State ex rel. Tattersall v. Yelle, 34674

CourtUnited States State Supreme Court of Washington
Writing for the CourtOTT; HILL; MALLERY
Citation52 Wn.2d 856,329 P.2d 841
PartiesThe STATE of Washington, on the Relation of Jennie M. TATTERSALL, Appellant, v. Cliff YELLE, as State Auditor, Respondent.
Docket NumberNo. 34674,34674
Decision Date15 September 1958

Kelley, O'Sullivan & Spiller, Seattle, for appellant.

John J. O'Connell, Atty. Gen., Elvin J. Vandeberg, Asst. Atty. Gen., for respondent.

OTT, Justice.

Jennie M. Tattersall, a resident and taxpayer of this state, commenced this action to restrain the state auditor from issuing a warrant upon the state treasury for the purpose of defraying this state's portion of the operating costs of the Western Interstate Commission for Higher Education, as provided by Laws of 1955, chapter 214, p. 899.

Plaintiff challenged the validity of the act (upon the grounds which we will hereinafter discuss) and alleged that her demand upon the attorney general to institute this action had been refused. From the judgment of the trial court denying the relief sought, the plaintiff has appealed.
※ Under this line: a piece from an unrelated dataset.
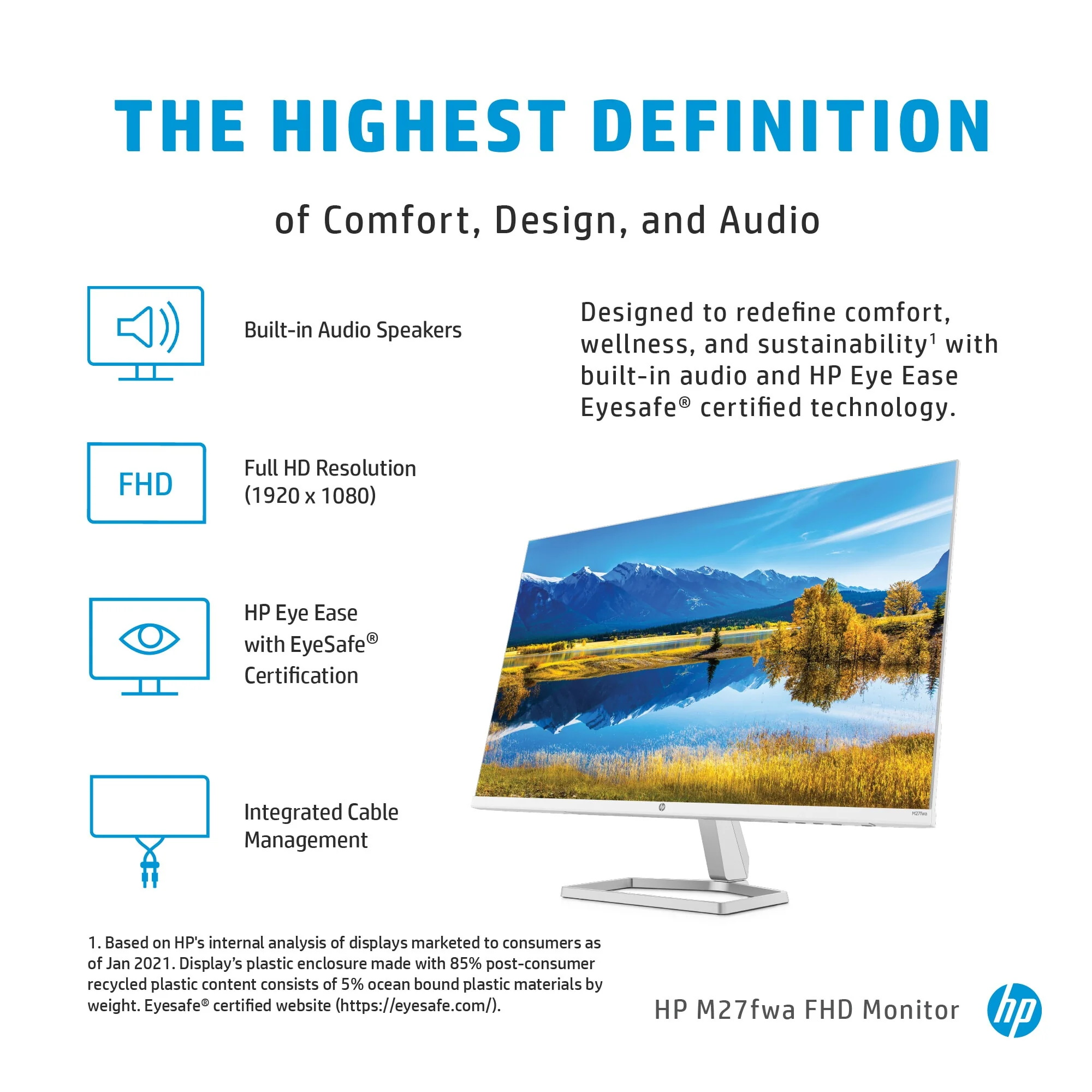 HP M27FWA - 68.6 cm (27") - 1920 x 1080 pixels - Full HD LCD Monitor - Image 7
Respondent moves to dismiss the appeal. He contends first that, since appellant has not alleged or proved that she has or will suffer special injury by the issuance of the warrants, she cannot maintain this action to enjoin the expenditure of state funds. In support of this contention, respondent cites State ex rel. Juenemann v. Superior Court, 1930, 157 Wash. 429, 289 P. 28; State ex rel. Dunbar v. State Board of Equalization, 1926, 140 Wash. 433, 249 P. 996; State ex rel. Pierce County v. Superior Court, 1915, 86 Wash. 685, 151 P. 108; Bilger v. State, 1910, 60 Wash. 454, 111 P. 771; Birmingham v. Cheetham, 1898, 19 Wash. 657, 54 P. 37; Jones v. Reed, 1891, 3 Wash. 57, 27 P. 1067.

These cases are not apposite for the reason that, subsequent to these decisions, the legislature, in 1935, enacted the declaratory judgment act, RCW 7.24.010 et seq. Our question here is: Does the declaratory judgment act grant to a resident taxpayer the right to test the constitutionality of an act, when the attorney general has declined to do so?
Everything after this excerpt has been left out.